But we thought London town was "no place for a street fighting man"? Well, not compared to France.
In March 1968, a group of students seized a campus building at the University at Nanterre, near Paris. They had a lot of complaints, many of which were aimed at university restrictions on student life and housing, and the social injustices they saw plaguing French society. The students peacefully surrendered the building after just hours, but tensions simmered until May when campus authorities decided to close the university. That decision, unsurprisingly, triggered a huge protest. Some 20,000 students and supporters marched through the streets on May 6. When the Paris police tried to disperse the crowd, rioting ensued. The students built makeshift barricades and tore up the cobblestone streets for their makeshift armory (something discontented Parisians have a history of doing).
Within a few days, the student revolution had spread to the factories. Workers walked out in part to support the students, but also because they had their own complaints about the government, ranging from low wages to workplace discrimination. The workers added numbers to the front lines and blue-collar skills—they taught the students how to build better barricades. On May 13th, a million people marched through Paris in opposition to a wide range of government policies. By this point, several million striking workers had brought the economy to a standstill. (You can see some great photos of these Paris protests here.) French President Charles de Gaulle eventually managed to restore order and win a vote of confidence in the June elections. But for a month, the country seemed on the verge of revolutionary collapse – "my name is called Disturbance," indeed.
The Nuances of "Street Fighting Man"
While Jagger may have been hot for revolution on the spot, it seems he cooled off a little on the way to the studio. "Street Fighting Man" isn't really an unequivocal call to arms – in fact, it doesn't tell people what to do at all. Instead, it expresses both an eagerness to get in on the action and make some changes, and an almost defeated recognition that London isn't the place to do it. But he also seems to be making a statement about the power of popular music: "what can a poor boy do," Jagger asks, "except to sing for a rock and roll band"? Basically, he can't be out on the streets, but he can be making rock and roll music, and that seems like the next best thing.
So, Jagger saying that he wished he were in Paris or the US where the real action was? Or was he mocking all the revolutionary action by reducing it to summer fun, just a more violent variation of dancing in the street? Was he trying to make the most difference he could with only his music? Was he ridiculing the radicals by filling their mouths with worn out slogans better suited to a different century? "I'll shout and scream, I'll kill the king, I'll rail at all his servants." Or was he now condemning the use of violence to achieve change by other street fighting men and women?
Jagger has done little to clear up its meaning in the decades since.
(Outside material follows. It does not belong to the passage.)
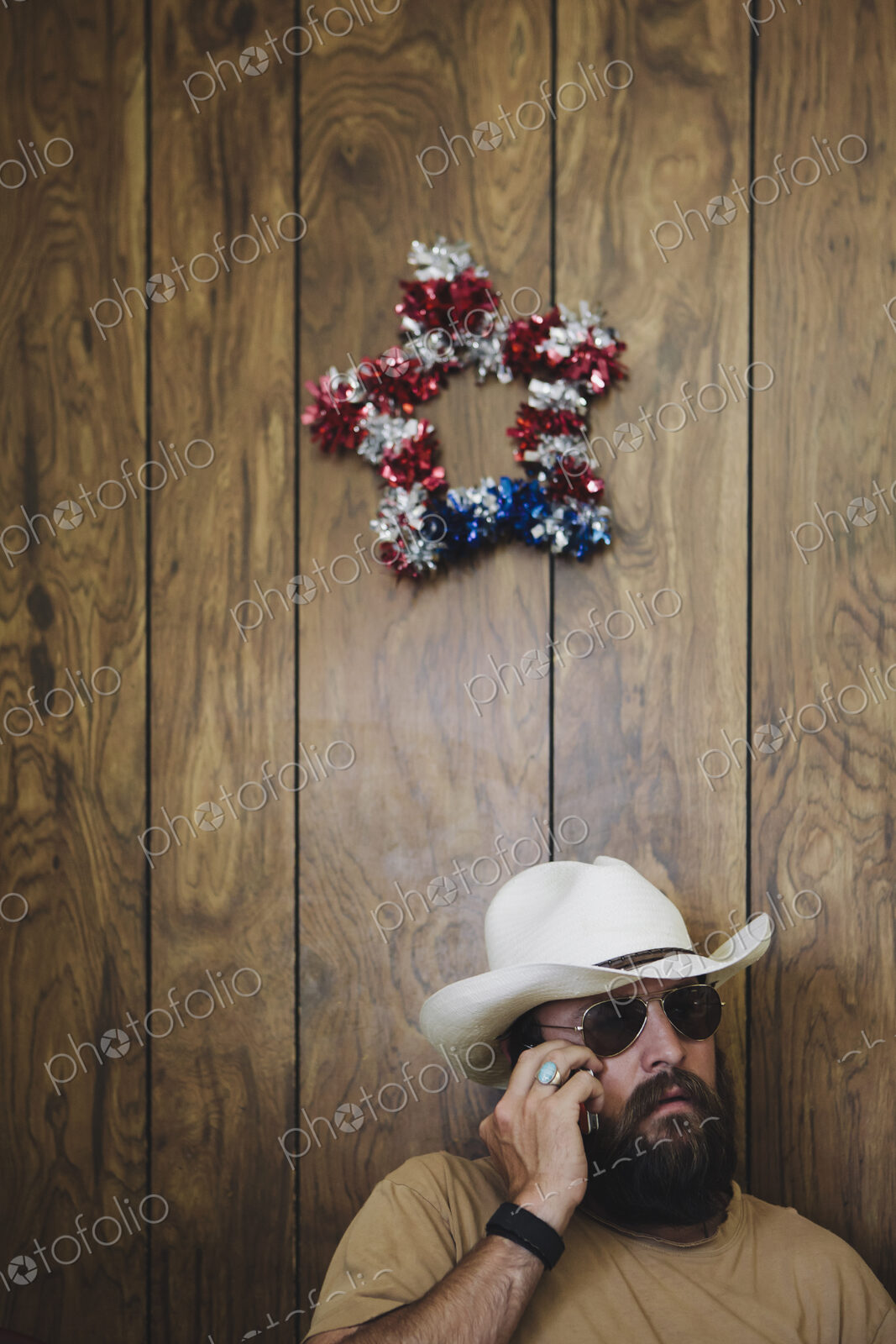 Man with long beard and cowboy hat talking on cell phone.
He told Rolling Stone in 1995 that "at the time" he thought all the "disruptions" around the world were "a very good thing" (Rolling Stone, 14 December 1995, 60). But following 9/11, he denounced terrorism and stressed that he "never believed in violence" as a means of achieving political ends. Moreover, he explicitly said that this belief was compatible with "Street Fighting Man," suggesting that he felt the same way about violence when he wrote the song—"The people that believe in it—I have no time for them whatsoever, no time for the romantic notions that surround them" (Rolling Stone, 25 October 2001, 30).
With yet another classic Keith Richards riff anchoring the song and a galvanizing opening line, the subtleties within the song and Jagger's perspective may not have mattered too much in its enduring popularity. Like a lot of popular music, it's easy to grab onto the phrase "street fighting man" and take it from there, even if you don't listen too carefully to the rest of the lyrics. For legions of protestors and revolutionaries, student radicals and labor activists, "Street Fighting Man" was embraced as an anthem and alternative to peaceful protest. Tariq Ali, the prominent activist who attended the protest in London, actually thought the song was "very ultra-left actually," saying that at the time he thought "it's a bit far out even for us."
Make of the song's politics what you will – or just enjoy the music.